Yet another headache is latency — the delays that build up as data are transmitted over the Internet. The speed of light sets a limit to how fast electronic (or, indeed, optical) signals can travel. It takes about two-tenths of a second for light to travel halfway around the earth in an optical fibre, an aeon for an impatient processor. Smart software is needed to ensure just-in-time data delivery. Otherwise, the range of problems that the Grid will be able to deal with will be confined to the so-called “embarrassingly parallel”.
Such computations are carried out on different machines that do not need to wait for results from one another to proceed. This is much simpler to organise than the typical types of parallel processing run on commodity clusters, where the calculations have to move in lockstep, sharing information at regular intervals. It is even more primitive when compared with such advanced supercomputers as IBM’s Blue Gene, in which constant communication between processors is the core concept.
Challenging as this technical issue may be, more mundane problems could be a greater nuisance. Much to the chagrin of Grid purists, the system will probably have to include means for conducting virtual brokerage of computer power. This is going to be needed for accounting purposes, especially when commercial applications are involved. At the first Global Grid Forum in Amsterdam last March, Bob Aiken, a manager at Cisco Systems in San Jose, California, warned that the biggest challenges to the successful deployment of the Grid will be social and political rather than technical. Several academics have already tried to devise solutions to this problem — by incorporating some of the business tricks adopted by the peer-to-peer companies. But until there are large applications running on the Grid, such proposals remain literally academic.
Debugged by Science
As with the Internet, scientific computing will be the first to benefit from the Grid — and the first to have to deal with the Grid’s teething problems. For instance, GriPhyN is a Grid being developed by a consortium of American laboratories for physics projects. One such study aims to analyse the enormous amounts of data logged during digital surveys of the whole sky using large telescopes. The Earth System Grid is part of another American academic initiative. In this case, the object is to make huge climate simulations spanning hundreds of years, and then analyse the massive banks of data that result.
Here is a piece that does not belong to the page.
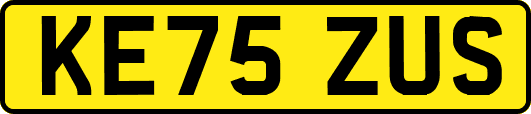KE75ZUS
Other initiatives include an Earthquake Engineering Simulation Grid, a Particle Physics Data Grid, and an Information Power Grid Project supported by NASA for massive engineering calculations.
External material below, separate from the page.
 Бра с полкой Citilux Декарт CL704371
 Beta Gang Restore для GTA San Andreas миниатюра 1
Perhaps the most urgent example where a Grid solution is needed is at CERN, the European high-energy physics laboratory near Geneva. It is here, beneath the green fields straddling the French border, that the next generation Large Hadron Collider (LHC) will produce data at unheard-of rates when it starts running in 2005. The particle collisions in the LHC’s underground ring will spew out petabytes (billions of megabytes) of data per second — enough to fill all the hard-drives in the world within days.